How passions for science and candy led to a sweet business

May 20, 2025, 6 a.m. ·

Candy 10.jpg
Sprinkk's candy science lab in Omaha. (all images Justin Cheney/Nebraska Public Media)
WhatIf_title_colors_NEB_red_blue_yellow.jpg
This story is part of Nebraska Public Media's award-winning "What If..." series on innovation, creativity and entrepreneurship in Nebraska. Stories and episodes from the series are at NebraskaPublicMedia.org/WhatIf. #WhatIfNebraska

Clad in a white lab coat, scientist Katie Teh squirts syrupy red liquid into quarter size molds on a large metal tray. Her previous effort led to a product that was too soft. So she altered the formula.

“We're playing a lot with pH,” she said. “Along with making sure there's enough of the gelling agent or the hydrocolloid.”

It’s trial and error in this west Omaha lab. But that’s science. In this case, candy science.

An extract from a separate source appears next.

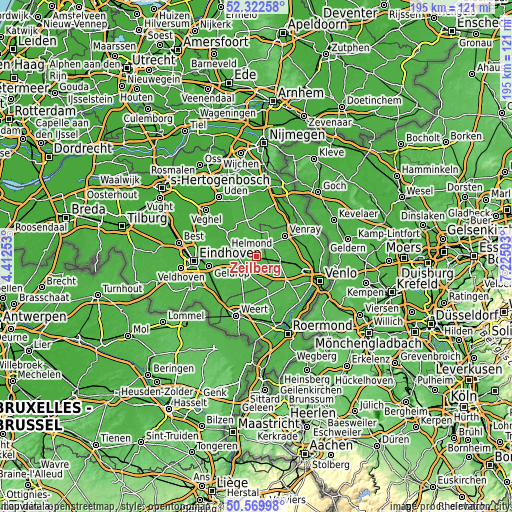 Topographic map of Zeilberg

The business is called Sprinkk.

“Sprinkk is a product development lab for candy innovation. We help people take their ideas, create them into a physical product,” said Tessa Porter, the candy scientist and entrepreneur who created Sprinkk.

Candy 70.jpg
Karen Talley tests the firmness of a piece of candy

Clients range from individuals trying to create something from scratch to established candy companies.

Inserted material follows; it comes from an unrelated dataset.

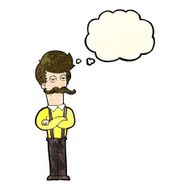 cartoon man with mustache thought bubble N30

“We'll make samples in our lab," Porter said. "We'll tinker with texture or flavor or color until you think it's just right, and then from there we'll scale it up."

As a kid, Porter always had candy nearby. She helped with her dad’s construction business, sometimes pretending the concrete mixer was making jelly beans. And she had a passion for science.

“I think I'm a natural nerd that I've just always been curious about how things work and how to put things together, take things apart,” she said. “I was never really told that STEM isn't an option.”

Candy 50.jpg
Katie Teh fills molds to create gummy candies

With a master’s degree in food science and technology, and a decade in the candy industry, Porter returned home to Nebraska to launch her business.

“I started Sprinkk to allow people to create new things, to bring those ideas that they have and allow them to come to life in the candy industry," Porter said.

On any given day, there’s a lot happening inside the Sprinkk lab.

Porter coating malted milk balls with chocolate in a rotating coating machine, kind of like the concrete mixer of her childhood.

Teh looking through a handheld refractometer at a small sample of that syrup for the pre-workout gummies she’s working on.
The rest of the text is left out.